I am currently a research fellow at the Basque Centre for Cognition, Brain and Language where I lead three independent research projects: 1) “Speech rhythm in language acquisition and speech evolution”, funded by Ikerbasque (2015-2020); 2) “Bilingual Metacognition: The effect of linguistic experience on the neural mechanisms of metacognitive processing in the linguistic domain” funded by the Spanish Ministry for Research and Development MINECO (2017-2020); and 3) “Cognitive and neural mechanisms for splitting continuous sensory input into discrete constituents in different domains and modalities”. Below, I outline the main objectives and premises for these three research lines which I propose to continue investigating.

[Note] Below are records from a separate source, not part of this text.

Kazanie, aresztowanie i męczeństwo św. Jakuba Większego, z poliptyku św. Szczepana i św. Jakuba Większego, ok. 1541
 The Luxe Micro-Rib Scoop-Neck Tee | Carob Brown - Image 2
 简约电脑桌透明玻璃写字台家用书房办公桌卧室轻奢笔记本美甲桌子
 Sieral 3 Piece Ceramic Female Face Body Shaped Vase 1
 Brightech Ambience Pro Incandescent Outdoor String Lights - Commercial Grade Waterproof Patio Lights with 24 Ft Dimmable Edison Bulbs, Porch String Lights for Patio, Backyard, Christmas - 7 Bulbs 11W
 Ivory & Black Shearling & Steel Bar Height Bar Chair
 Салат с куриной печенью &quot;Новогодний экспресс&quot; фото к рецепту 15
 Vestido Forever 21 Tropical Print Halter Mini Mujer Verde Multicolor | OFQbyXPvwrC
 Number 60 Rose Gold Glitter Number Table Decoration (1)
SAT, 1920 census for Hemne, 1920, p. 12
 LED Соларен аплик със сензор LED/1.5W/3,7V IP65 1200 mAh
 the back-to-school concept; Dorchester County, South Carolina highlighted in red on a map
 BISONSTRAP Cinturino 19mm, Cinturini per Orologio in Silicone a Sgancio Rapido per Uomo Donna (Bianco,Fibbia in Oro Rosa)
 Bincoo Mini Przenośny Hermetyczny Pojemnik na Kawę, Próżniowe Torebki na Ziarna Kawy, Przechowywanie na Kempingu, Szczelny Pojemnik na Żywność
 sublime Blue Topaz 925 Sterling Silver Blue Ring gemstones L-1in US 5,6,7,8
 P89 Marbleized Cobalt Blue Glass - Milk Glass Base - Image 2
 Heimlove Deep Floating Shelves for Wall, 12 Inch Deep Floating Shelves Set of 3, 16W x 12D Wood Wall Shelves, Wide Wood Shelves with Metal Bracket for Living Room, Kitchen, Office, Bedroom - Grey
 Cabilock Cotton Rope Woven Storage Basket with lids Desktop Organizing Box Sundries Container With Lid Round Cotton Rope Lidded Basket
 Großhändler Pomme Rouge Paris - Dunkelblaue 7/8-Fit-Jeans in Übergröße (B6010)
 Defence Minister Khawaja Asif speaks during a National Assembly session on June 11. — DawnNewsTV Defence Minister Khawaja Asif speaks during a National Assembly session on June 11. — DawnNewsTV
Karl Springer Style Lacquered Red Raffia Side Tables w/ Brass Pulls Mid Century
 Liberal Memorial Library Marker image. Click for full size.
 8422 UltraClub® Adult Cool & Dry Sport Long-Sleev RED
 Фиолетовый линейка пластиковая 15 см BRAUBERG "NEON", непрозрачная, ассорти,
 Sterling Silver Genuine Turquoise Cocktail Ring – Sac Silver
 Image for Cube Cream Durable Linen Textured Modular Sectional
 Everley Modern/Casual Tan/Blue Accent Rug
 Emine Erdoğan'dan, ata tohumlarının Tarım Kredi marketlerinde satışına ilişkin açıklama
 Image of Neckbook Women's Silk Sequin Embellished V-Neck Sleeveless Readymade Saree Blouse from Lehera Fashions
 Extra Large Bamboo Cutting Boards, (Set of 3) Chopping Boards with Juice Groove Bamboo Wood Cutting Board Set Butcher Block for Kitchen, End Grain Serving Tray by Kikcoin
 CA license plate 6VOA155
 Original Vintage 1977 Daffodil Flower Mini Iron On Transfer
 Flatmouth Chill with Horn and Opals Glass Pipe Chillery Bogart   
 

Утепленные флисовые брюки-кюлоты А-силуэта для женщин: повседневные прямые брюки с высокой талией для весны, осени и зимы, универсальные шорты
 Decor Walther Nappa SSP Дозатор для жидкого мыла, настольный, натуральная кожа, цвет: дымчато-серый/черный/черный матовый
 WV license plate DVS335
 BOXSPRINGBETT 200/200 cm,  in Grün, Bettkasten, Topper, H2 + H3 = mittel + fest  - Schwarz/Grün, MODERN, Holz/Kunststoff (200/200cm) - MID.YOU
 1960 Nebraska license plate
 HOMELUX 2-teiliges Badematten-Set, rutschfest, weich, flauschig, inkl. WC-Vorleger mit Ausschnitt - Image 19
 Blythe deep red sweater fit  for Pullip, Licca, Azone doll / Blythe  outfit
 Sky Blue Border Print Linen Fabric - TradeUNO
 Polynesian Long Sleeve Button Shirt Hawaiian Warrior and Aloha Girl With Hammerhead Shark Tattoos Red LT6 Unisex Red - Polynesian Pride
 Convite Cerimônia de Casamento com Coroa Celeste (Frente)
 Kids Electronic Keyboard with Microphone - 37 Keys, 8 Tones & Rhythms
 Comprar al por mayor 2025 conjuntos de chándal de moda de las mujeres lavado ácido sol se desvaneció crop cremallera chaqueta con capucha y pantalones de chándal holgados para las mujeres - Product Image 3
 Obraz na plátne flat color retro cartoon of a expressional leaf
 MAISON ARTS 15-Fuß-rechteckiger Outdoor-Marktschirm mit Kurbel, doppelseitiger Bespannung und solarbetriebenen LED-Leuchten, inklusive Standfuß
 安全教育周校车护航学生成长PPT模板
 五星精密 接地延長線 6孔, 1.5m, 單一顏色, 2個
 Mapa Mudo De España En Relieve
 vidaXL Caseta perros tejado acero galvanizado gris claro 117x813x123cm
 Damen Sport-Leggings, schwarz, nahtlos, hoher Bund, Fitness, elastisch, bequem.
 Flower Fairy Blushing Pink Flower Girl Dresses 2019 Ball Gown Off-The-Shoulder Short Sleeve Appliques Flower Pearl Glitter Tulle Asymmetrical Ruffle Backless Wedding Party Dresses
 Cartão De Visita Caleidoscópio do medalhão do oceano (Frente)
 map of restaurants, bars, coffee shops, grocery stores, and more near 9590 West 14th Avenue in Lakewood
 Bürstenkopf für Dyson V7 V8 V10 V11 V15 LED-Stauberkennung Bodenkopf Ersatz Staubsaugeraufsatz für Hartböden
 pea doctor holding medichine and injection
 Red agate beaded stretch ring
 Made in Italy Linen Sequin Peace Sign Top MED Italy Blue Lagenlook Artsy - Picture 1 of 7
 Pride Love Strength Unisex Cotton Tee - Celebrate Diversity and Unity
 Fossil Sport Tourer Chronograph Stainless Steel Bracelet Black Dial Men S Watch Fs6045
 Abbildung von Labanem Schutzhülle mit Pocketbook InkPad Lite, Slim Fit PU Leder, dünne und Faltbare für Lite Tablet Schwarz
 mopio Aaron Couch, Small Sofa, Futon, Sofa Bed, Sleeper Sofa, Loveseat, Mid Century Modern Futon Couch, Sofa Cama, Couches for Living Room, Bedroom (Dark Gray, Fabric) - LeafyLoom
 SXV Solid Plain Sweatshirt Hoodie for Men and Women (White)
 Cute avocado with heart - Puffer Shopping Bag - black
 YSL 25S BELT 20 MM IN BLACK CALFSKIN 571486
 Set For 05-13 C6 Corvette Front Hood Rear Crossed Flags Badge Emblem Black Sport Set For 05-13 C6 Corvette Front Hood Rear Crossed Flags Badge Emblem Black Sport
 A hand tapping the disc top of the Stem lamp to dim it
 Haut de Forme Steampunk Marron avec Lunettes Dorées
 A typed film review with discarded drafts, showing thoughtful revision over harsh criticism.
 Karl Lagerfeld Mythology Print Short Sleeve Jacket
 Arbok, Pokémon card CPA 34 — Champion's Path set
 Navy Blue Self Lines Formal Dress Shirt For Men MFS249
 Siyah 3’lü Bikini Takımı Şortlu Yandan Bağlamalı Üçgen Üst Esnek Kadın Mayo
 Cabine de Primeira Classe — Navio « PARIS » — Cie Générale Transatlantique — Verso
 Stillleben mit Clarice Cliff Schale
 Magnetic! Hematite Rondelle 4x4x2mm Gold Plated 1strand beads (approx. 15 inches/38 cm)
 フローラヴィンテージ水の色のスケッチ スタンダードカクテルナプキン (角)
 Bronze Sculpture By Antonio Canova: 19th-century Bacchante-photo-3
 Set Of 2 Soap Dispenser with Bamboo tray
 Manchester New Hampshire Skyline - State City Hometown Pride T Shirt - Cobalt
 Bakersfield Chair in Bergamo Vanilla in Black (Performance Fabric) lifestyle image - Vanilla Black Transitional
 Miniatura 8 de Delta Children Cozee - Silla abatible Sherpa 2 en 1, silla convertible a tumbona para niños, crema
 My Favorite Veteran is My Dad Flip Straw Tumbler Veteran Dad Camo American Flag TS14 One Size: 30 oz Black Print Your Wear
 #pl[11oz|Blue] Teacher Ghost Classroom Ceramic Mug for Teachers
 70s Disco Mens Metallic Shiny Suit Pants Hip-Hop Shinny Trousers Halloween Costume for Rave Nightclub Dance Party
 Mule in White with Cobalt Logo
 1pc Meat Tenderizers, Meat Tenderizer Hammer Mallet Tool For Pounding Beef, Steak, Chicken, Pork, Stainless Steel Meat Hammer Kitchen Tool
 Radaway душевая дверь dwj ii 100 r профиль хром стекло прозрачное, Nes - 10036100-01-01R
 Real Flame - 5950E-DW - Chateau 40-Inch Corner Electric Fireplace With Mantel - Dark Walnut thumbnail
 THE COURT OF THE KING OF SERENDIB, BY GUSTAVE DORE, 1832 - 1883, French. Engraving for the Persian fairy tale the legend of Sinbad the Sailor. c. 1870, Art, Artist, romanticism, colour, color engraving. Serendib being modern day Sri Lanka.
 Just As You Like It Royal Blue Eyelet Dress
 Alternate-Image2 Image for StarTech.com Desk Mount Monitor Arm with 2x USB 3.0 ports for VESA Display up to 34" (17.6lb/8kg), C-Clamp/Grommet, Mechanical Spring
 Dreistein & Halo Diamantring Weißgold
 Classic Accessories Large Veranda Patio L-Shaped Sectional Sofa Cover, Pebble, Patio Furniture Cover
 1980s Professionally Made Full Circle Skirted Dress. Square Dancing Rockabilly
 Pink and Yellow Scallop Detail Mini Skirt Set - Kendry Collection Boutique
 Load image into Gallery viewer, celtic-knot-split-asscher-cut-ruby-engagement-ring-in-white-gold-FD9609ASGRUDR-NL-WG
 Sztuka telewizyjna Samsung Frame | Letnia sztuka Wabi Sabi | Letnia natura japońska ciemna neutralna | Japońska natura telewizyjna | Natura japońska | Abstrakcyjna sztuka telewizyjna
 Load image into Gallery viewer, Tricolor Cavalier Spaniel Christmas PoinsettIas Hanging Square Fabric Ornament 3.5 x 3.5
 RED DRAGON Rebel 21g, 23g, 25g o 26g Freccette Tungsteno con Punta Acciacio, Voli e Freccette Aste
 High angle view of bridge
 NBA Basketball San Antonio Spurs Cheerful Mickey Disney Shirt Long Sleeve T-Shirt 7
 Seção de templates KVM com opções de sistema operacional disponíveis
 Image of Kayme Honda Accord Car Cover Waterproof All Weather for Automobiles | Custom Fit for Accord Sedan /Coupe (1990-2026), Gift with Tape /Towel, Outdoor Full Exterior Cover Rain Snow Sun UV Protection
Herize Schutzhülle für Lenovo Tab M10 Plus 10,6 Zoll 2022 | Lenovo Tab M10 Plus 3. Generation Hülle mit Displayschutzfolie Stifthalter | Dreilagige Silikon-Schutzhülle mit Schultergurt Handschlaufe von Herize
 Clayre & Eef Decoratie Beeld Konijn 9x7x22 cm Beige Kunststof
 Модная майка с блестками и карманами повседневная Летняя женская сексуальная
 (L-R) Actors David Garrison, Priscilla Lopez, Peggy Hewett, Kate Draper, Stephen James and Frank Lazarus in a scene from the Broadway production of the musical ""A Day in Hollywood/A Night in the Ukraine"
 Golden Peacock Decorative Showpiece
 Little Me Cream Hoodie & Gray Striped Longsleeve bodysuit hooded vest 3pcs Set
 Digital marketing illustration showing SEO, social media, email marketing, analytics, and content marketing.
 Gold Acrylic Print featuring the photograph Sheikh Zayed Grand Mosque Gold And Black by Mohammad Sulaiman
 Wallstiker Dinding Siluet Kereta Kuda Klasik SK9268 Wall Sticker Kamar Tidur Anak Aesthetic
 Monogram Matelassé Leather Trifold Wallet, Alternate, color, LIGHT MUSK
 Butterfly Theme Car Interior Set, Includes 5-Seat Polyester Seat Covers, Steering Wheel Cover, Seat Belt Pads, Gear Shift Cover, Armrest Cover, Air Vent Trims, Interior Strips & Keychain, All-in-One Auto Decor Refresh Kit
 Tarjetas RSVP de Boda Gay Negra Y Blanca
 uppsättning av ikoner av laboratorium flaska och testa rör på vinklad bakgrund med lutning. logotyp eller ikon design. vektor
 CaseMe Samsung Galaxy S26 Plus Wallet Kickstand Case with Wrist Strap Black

For more information on each research line, click the image following the outline of each research line

Speech rhythm in language acquisition, speech evolution and language change

Rhythm is fundamental to every motor activity. The mechanisms for controlling motor rhythm have been inherited by mammals from their distant evolutionary ancestors and are shared by all vertebrates. As speech production is a kind of motor activity, investigating speech rhythm can provide insight into how general motor patterns have been adapted for more specific use in articulation and speech production. Studies on speech rhythm may further provide insight into the development of speech capacity in humans. As the capacity for vocal communication is putatively a pre-requisite for developing a language faculty, studies on speech rhythm may also cast some light on the mystery of language evolution in the human genus.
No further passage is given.